BAILLEURS ET ADMINISTRATEURS DE BIENS

Les baux de sortie de la loi du 1er Septembre 1948

Encore à l'heure actuelle, mais de moins en moins, certains bailleurs sont tenus par les dispositions de la loi du 1er Septembre 1948, auxquels leurs baux sont soumis et ainsi reçoivent le règlement de loyers extrêmement modiques, ne correspondant nullement à l'actuel marché locatif et aux prix pratiqués dans le voisinage.

 

Si la loi du 1er Septembre 1948 se voulait, après la guerre, protectrice des locataires qui avaient les plus grandes difficultés à trouver un logement, les raisons de cette loi ne nous semblent plus d'actualité, la poursuite de son application pouvant générer une disparité au détriment du bailleur devant supporter d'importantes charges liées à la conservation de son patrimoine, alors que de l'autre côté, le locataire lui assurait le règlement d'un loyer d'un montant extrêmement modique, ne lui permettant nullement de gérer normalement son patrimoine, loyer auquel s'ajoute un incontestable droit au maintien dans les lieux.

 

Une telle situation de déséquilibre ne pouvait perdurer.

 

Aussi, la loi du 23 Décembre 1986 a instauré un régime spécifique de sortie de certains locaux de cette loi du 1er Septembre 1948, et ce, sous certaines conditions bien précises.

 

Plus précisément, l'article 28 de la loi de 1986 permet aux bailleurs d'imposer aux locataires la sortie forcée de la loi du 1er Septembre 1948 pour les logements de catégorie II B et II C.


1°) Quelles sont les conditions d'application de l'article 28 de la loi du 23 Décembre 1986 ?

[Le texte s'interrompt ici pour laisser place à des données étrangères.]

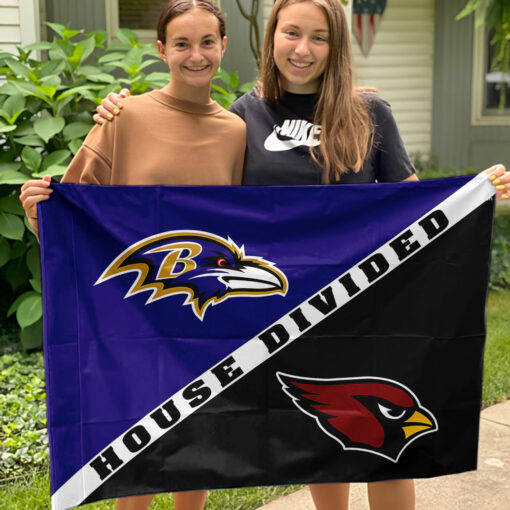 Ravens vs Cardinals House Divided Flag, NFL House Divided Flag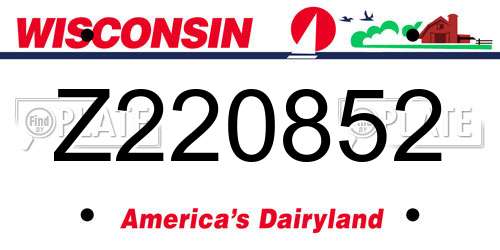 Z220852 Wisconsin License Plate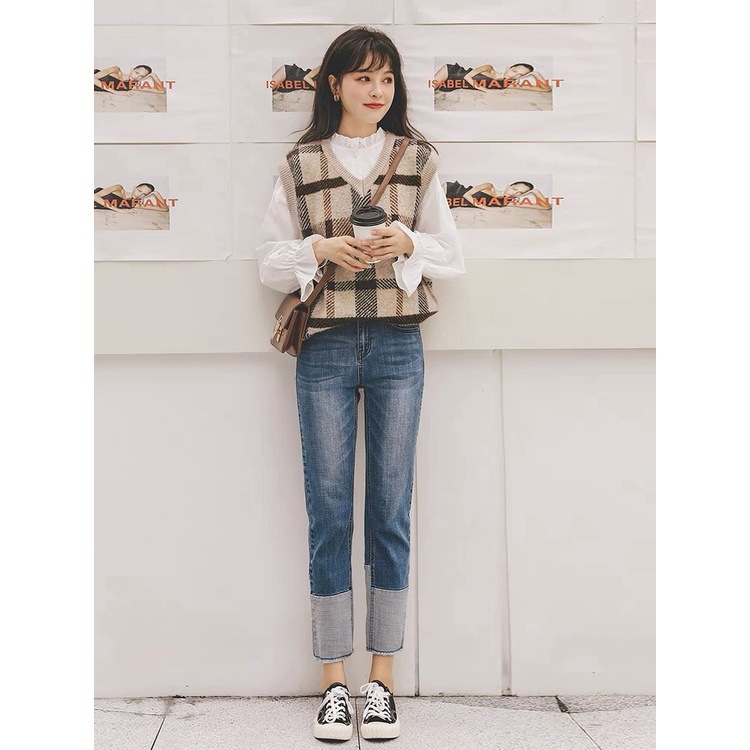 Áo gile len nữ hàn quốc dáng rộng ulzzang cổ v họa tiết kẻ caro mix sơ mi trắng - 038 | WebRaoVat - webraovat.net.vn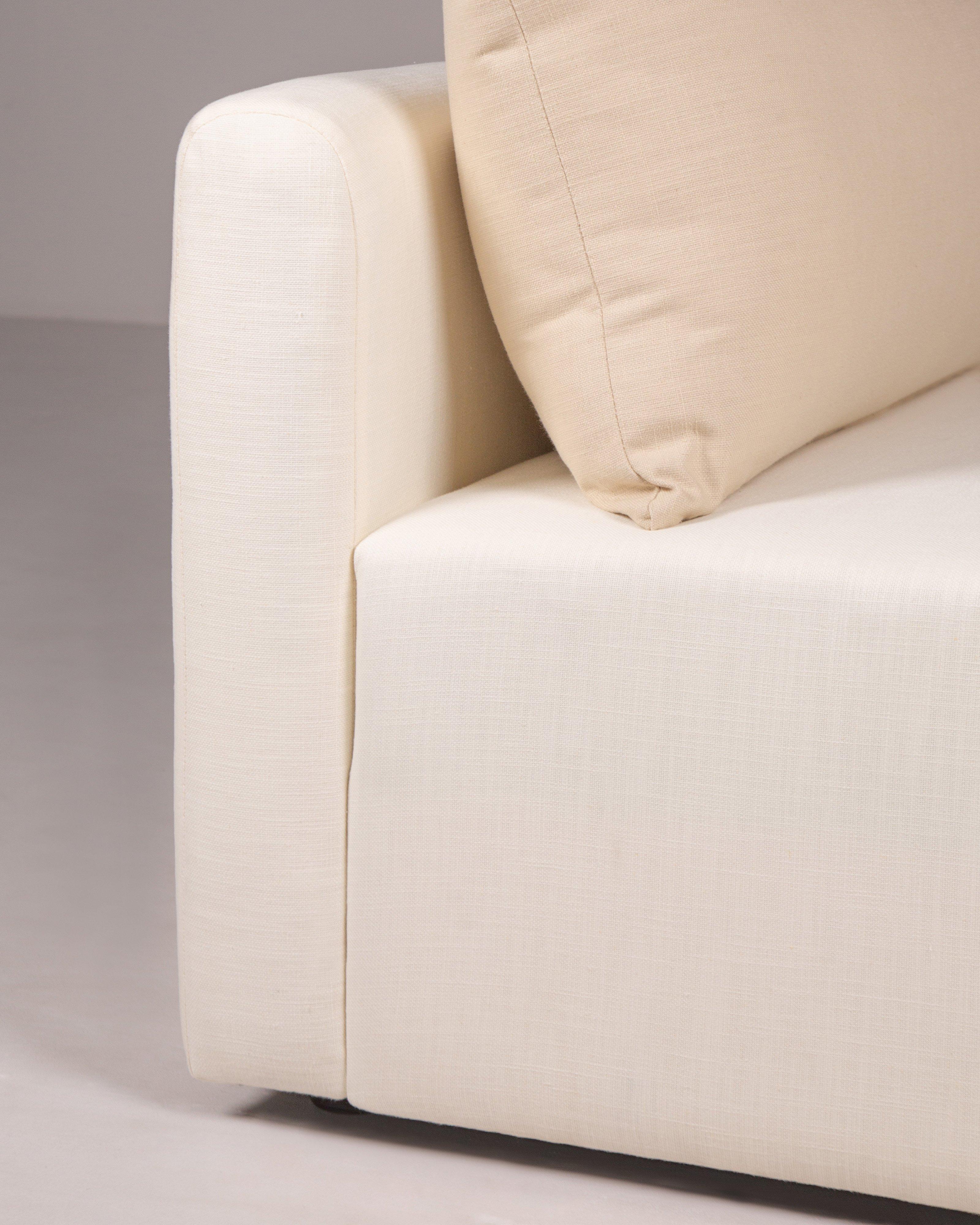 Alizea Extra Long Fabric Armless Sofa -  Milk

- Conditions tenant à la qualité du local :

 

Le local doit être soumis aux dispositions de la loi n° 48-1360 du 1er Septembre 1948 et classé en catégorie II B ou II C.

 

La sortie de la loi du 1er Septembre 1948 n'est pas subordonnée à une mise en conformité du local, et le preneur ne peut demander le retour à la loi du 1er Septembre 1948 si ledit local n'était pas conforme aux normes en vigueur.

 

Cependant, rien n'interdit au locataire de demander à son bailleur la mise en conformité du logement avec les normes minimales de conformité et d'habitabilité visées au décret n° 87-149 du 6 Mars 1987.

 

- Sur les conditions quant à la qualité du locataire :

 

Les locataires aux ressources modestes resteront protégés par la loi du 1er Septembre 1948 et un bail de sortie ne pourra leur être proposé.

 

L'article 29 de la loi du 23 Décembre 1986 dispose en effet que « Les dispositions de l'article 28 (précité) ne sont pas opposables aux locataires ou occupants de bonne foi, âgés de plus de 65 ans ou handicapés, visés au 2ème de l'article 27 de la loi du 1er Septembre 1948, dès lors que ses ressources sont inférieures à un seuil fixé par décret (décret du 12 Juin 1987) ».

 

Il s'agit de revenu net imposable de l'année civile de référence.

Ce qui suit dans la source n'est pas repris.